Opuściliśmy stawy. Ruszamy w górę rzeki. Teraz zaczyna się głęboki, suchy odcinek doliny. Ta chwilowo prowadzi na wschód.
Teraz zauważam chrobotka strzępiastego - Cladonia fimbriata.
Przyspieszamy.
Zbliżamy się do miejsca, gdzie po dokonaniu raptownego zwrotu rzeka z naszej perspektywy skręca na południe (wtedy płynęła na północ a przedtem skręcała na zachód).
Tutaj trafił się zbutwiały pniak opanowany przez dwa chrobotki. Dominuje chrobotek strojny - Cladonia bellidiflora. Sporą domieszkę stanowi chrobotek cienki - Cladonia macilenta.
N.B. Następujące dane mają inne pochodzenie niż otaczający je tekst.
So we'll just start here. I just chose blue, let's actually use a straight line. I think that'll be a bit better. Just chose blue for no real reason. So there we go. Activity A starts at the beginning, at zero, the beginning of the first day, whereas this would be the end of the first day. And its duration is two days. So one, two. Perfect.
Oto kolejny chrobotek strzępiasty - Cladonia fimbriata.
Idąc dalej natrafiamy na szlak wydeptany przez zwierzynę.
Tutaj miało miejsce zdarzenie z kategorii przeminęło z wiatrem.
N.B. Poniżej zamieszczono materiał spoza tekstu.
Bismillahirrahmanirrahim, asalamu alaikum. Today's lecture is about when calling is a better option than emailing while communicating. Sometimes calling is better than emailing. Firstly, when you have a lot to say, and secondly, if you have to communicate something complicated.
Przedzierając się przez tę okolicę mijamy steranego życiem buka pospolitego - Fagus sylvatica.
Teraz przechodzimy pod linią energetyczną.
Teraz w dolinie pojawia się śnieg. Są ślady pojazdów.
Pokonujemy kolejny zakręt.
Mijamy okazałą sosnę zwyczajną - Pinus sylvestris o podmytych korzeniach.